Some of the most CO2-rich magmas on Earth are erupted by intraplate ocean island volcanoes. Here, we characterise olivine-hosted melt inclusions from recent (<10 ky) basanitic tephra erupted by Fogo, the only active volcano of the Cape Verde Archipelago in the eastern Atlantic Ocean. We determine H2O, S, Cl, F in glassy melt inclusions and recalculate the total (glass + shrinkage bubbles) CO2 budget by three independent methodologies. We find that the Fogo parental basanite, entrapped as melt inclusion in forsterite-rich (Fo80-85) olivines, contains up to ∼2.1 wt% CO2, 3–47 % of which is partitioned in the shrinkage bubbles. This CO2 content is among the highest ever measured in melt inclusions in OIBs. In combination with ∼2 wt% H2O content, our data constrain an entrapment pressure range for the most CO2-rich melt inclusion of 648–1430 MPa, with a most conservative estimate at 773–1020 MPa.

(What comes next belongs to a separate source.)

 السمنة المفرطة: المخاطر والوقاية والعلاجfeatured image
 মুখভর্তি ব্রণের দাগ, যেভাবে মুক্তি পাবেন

Our results therefore suggest the parental Fogo melt is stored in the lithospheric mantle at minimum depths of ∼27 to ∼36 km, and then injected into a vertically stacked magma ponding system. Overall, our results corroborate previous indications for a CO2-rich nature of alkaline ocean island volcanism. We propose that the Fogo basanitic melt forms by low degrees of melting (F = 0.06–0.07) of a carbon-enriched mantle source, containing up to 355–414 ppm C. If global OIB melts are dominantly as carbon-rich as our Fogo results suggest, then OIB volcanism may cumulatively outgas as high as ∼16–21 Tg of carbon yearly, hence substantially contributing to the global deep carbon cycle.